Dolly’s patrol car wasn’t in the drive but that didn’t stop me from parking and going up the broken concrete walk between small patches of weedy brown lawn, then standing on the second step and pounding at her door. “Dolly!” I called again and again, knowing I was reaching no one because there was no one in there to reach.

That was it for me, I told myself. Let her do whatever dumb thing she wanted to—look like a coconut or a casaba melon if that’s what made her happy. I would be damned if I was going to get myself worked up, caring about some little runt of a woman who didn’t care about any of her friends, about her job, which she’d always said was the most important thing in her life; and was letting all of us down—especially me. I stomped down the steps to my car, leaving a string of mumbles behind me.

Who needed a billiard ball for a friend? I asked myself as I drove over to EATS to get a fried egg and a stack of pancakes and fried potatoes and white toast—throwing caution and my arteries to the wind. Who needed a person who went flying off in all directions when you most needed her to keep her feet on the ground and concentrate?

It had to be Dolly’s “family” thing, I told myself as I parked in the EATS lot. She had nobody. Her string of foster homes hadn’t been warm and fuzzy. I heard about a couple of abusive boyfriends she’d had to put in the hospital, and then there was her husband, Chet Wakowski, who didn’t stay around long enough to let the ink on the marriage license dry. She’d already spent money to bury the unfaithful Chet, after he was found dead, his bones floating out in Sandy Lake. She’d looked on his uncaring family as her own, until they stiffed her on the funeral, and left town early. Now she’d found a group that, like all cults, reached out and sucked her in with smiles and pats on the back and talk of being together, right up to the end of all time. Which wasn’t long now. Maybe she’d already given them money; maybe signed the deed to her house over to the reverend. If the world was going to end, what good were any of those things to the cult leaders? I had no doubt that the Reverend Fritch was no different from others who came before him, all greed and power-lust and ego under the guise of religion. If God ever got into smiting again, I would happily provide him with a list of smite-ees.

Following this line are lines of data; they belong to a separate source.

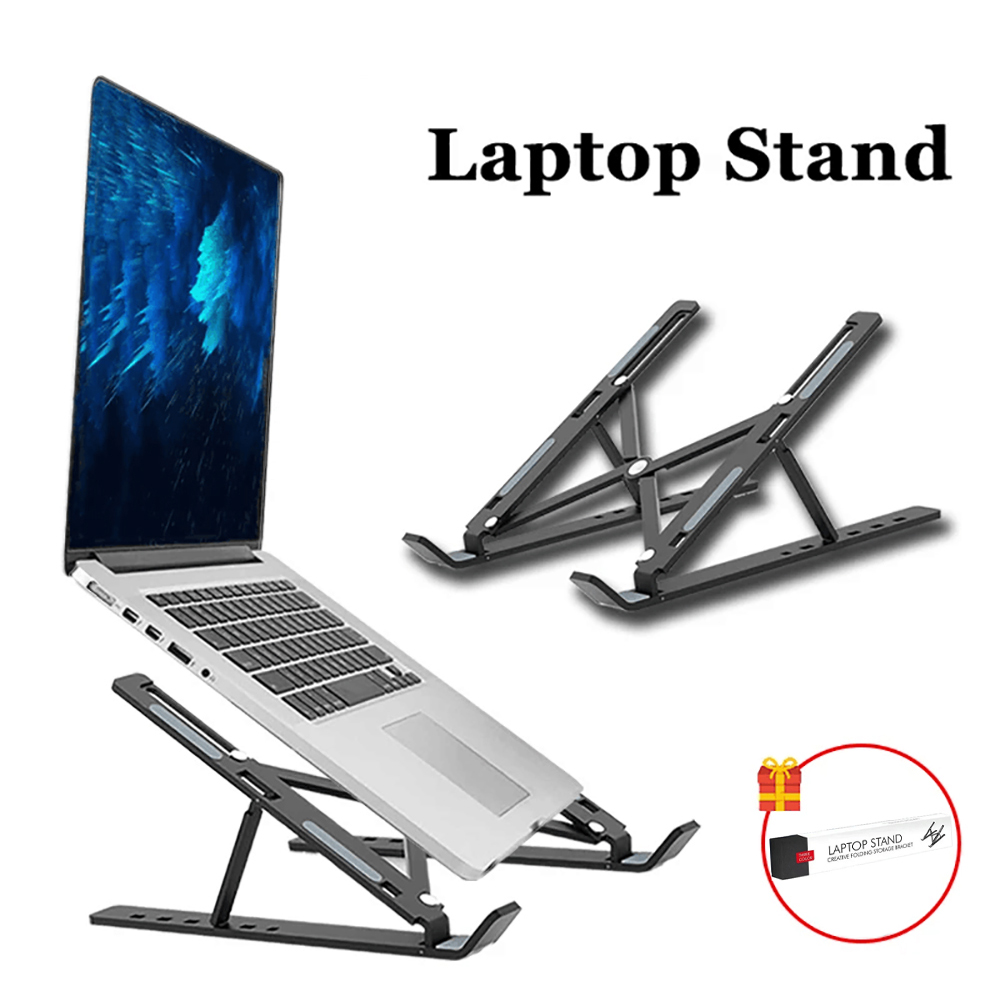 Laptop Accessories Distributor - Laptopstandaard Draagbare opvouwbare notebookbeugel Verstelbare computermonitorhouder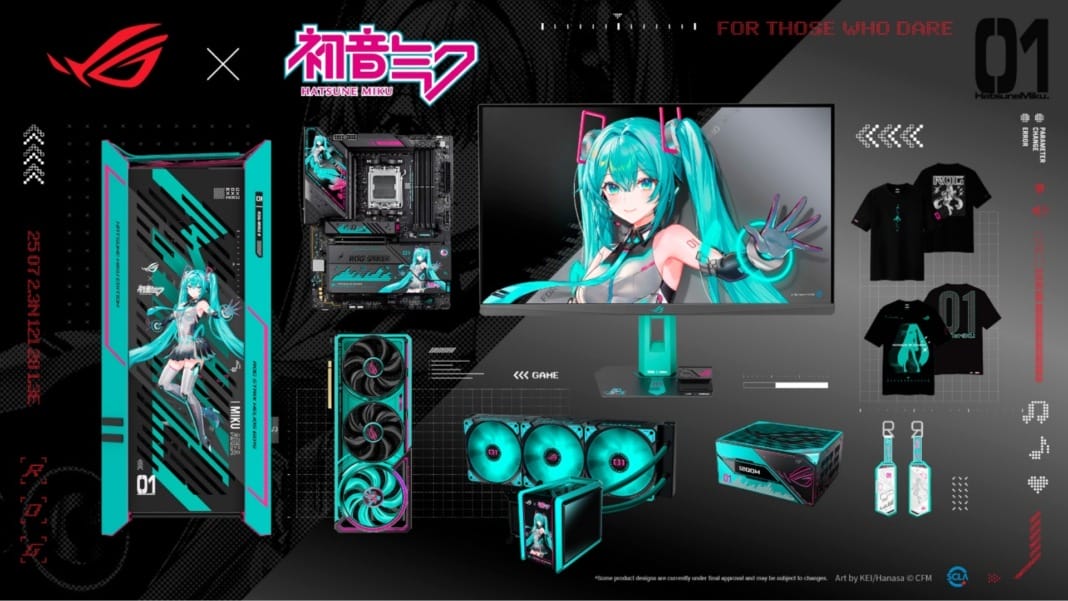 ASUS unveils ROG x Hatsune Miku Edition gaming hardware collection in Singapore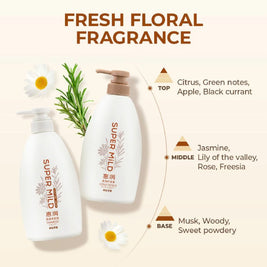 SUPER MiLD Fresh Floral Fragrance Conditioner 600ml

I found a booth in one corner of the restaurant and sat on the side facing away from everybody. I didn’t want to be bothered. What I needed was to be left alone to nurse my steaming anger and take in enough calories to blow up my rear end to a size I could blame on Dolly. Gloria came over fast. I think my narrow eyes, hunched back, and fast walk warned everyone else away. She looked down at me nervously as I told her what I wanted and added that I didn’t want the eggs hard—as Eugenia usually cooked them; and I didn’t want my toast burned; and I didn’t want the potatoes floating in lard.

Gloria got the idea, wrote out my long order, and turned on her toe to get away.

“Has Dolly been in yet?” I think I growled, catching her mid-turn. Whatever I did, Gloria’s eyes got huge. She blinked a few times then looked around for reinforcements, in case I attacked.

“Did you hear?” She dared to take a step closer. “She joined those pilgrims out to the campground.”

“Pilgrims?”

“You know, those folks who’re waiting for the world to end. Shaved her head and everything. Eugenia saw her yesterday at the service.”

“What’s Eugenia doing out there at a service?” Now I was truly tripping through Never Never Land.

“She doesn’t believe in any of it. Not Eugenia. She only goes to see what’s happening. Cheap theatre, she calls it. Wants to keep count of who’s the most gullible in Leetsville. I’ll tell you, Dolly really surprised her.”

“Yeah, me too. But that’s her choice. Anybody that dumb …”

I didn’t want to get into a rant before breakfast so I smiled and sent Gloria on her way.

I settled back against the booth, ran my hand over the red Formica table, picking at hardened egg someone left behind as a souvenir. I glanced around the restaurant to see who I’d snubbed in my snit and who would be mad at me for a week or two.

The bag lady was there, watching. She was a vision, in all her finery. Today it was a torn designer skirt and her down-at-the-heels Gucci shoes. A rhinestone butterfly was pinned at the very top of her white pouf of hair. Every time I’d come in lately there she’d been, sitting with a cup of tea or coffee or a mostly uneaten plate of food in front of her. If she wasn’t a relative of Eugenia’s, I couldn’t imagine why she let her kill so much time, taking up a seat or a stool and lingering for hours. Eugenia had claimed not to know the woman. Said she thought she was famous. Maybe infamous, I thought, wondering again if this was one of Eugenia’s outlaw relatives come to life.

The woman stared at me. I was in too belligerent a mood to be stared down. I frowned but didn’t nod or acknowledge her. Let’s see who gives up staring first, I told myself, and settled my elbows on the table, chin in my hands.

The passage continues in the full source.